Memórias de conversas como a que teve com a avó, durante a infância, marcaram KJ de tal forma que o artista revela ainda hoje serem para si “uma ligação com a terra e com o amor com que os antepassados tomavam conta das árvores mesmo que não fossem as deles”.
De facto, uma das suas obras mais recentes, Unknown Olive Oil, é uma homenagem à terra e uma reflexão sobre o simbolismo da oliveira e do azeite na cultura da Palestina.
Apresentada na exposição Land After Art, patente até 12 de janeiro no Fórum Arte Braga, e produzida em Barcelos, durante um mês de residência artística com os mestres oleiros portugueses João Lourenço e Domingos Vasconcelos, a obra consiste numa série de 60 frascos de barro cheios de azeite extra-virgem, proveniente das oliveiras de KJ, em Kobar, na Palestina.
As memórias que Khaled Jarrar, Basel Zaraa, Kamal Aljafari ou Dirar Kalash partilharam através da sua arte, dificilmente morrerão, pois ecoam dentro de todos os que com elas se cruzaram em concertos, salas de cinema, exposições e teatros
Em 2016, o artista comprou um terreno com 50 oliveiras, enriqueceu o solo com estrume de cabra, adotou técnicas de permacultura e começou a “tomar conta de cada árvore”, conseguindo a primeira colheita de azeite em 2023.
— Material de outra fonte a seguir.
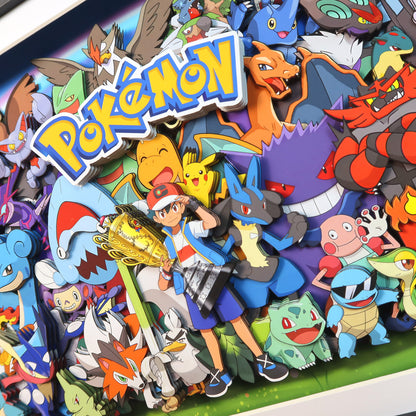 Pokémon (champion group photo) 3D decorative painting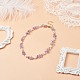 4 pz 4 stile naturale pietre preziose miste chip e collane di perline di perle impostate per le donne NJEW-JN04008-4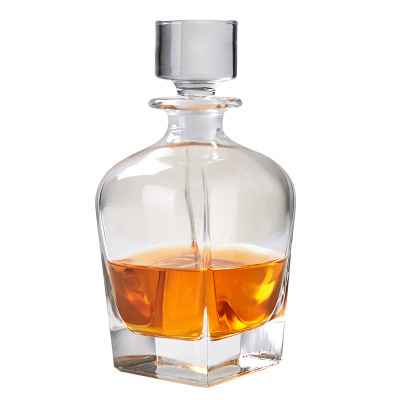 Decantador de vino de cristal de vidrio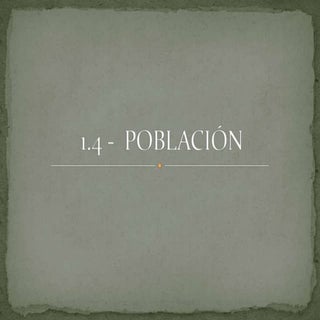 Ecología - Población.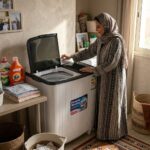 ⁦فريش غسالة حوضين 5 كيلو ابيض FRW-700⁩ - الصورة ⁦4⁩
“A terra demora entre cinco e 10 anos a sarar, após começarmos a cuidar dela com produtos orgânicos e que lhe façam bem. Essa é a minha mensagem. Temos de reparar a terra, tal como temos de reparar os seres humanos, das coisas tóxicas. As forças israelitas ocuparam a terra e, a partir daí, ocuparam as mentes das pessoas, a cultura, mudaram o nome das árvores, das ruas e das montanhas”, afirma.
As memórias que Khaled Jarrar “plantou” em Braga, aquelas que Basel Zaraa deixou escritas em pedaços de papel na Biblioteca das Galveias, as que Kamal Aljafari cristalizou nas cenas dos seus filmes, e as que, como bombas, caíram sobre o público do concerto de Dirar Kalash, dificilmente morrerão.
Neste momento ecoam já dentro de todos os que com elas se cruzaram em concertos, salas de cinema, exposições ou teatros. Quem sabe, consolidando nas suas almas a convicção de que “qualquer poder humano pode sofrer resistência e ser mudado por seres humanos”.
E claro, que “a resistência e a mudança muitas vezes começam na arte”.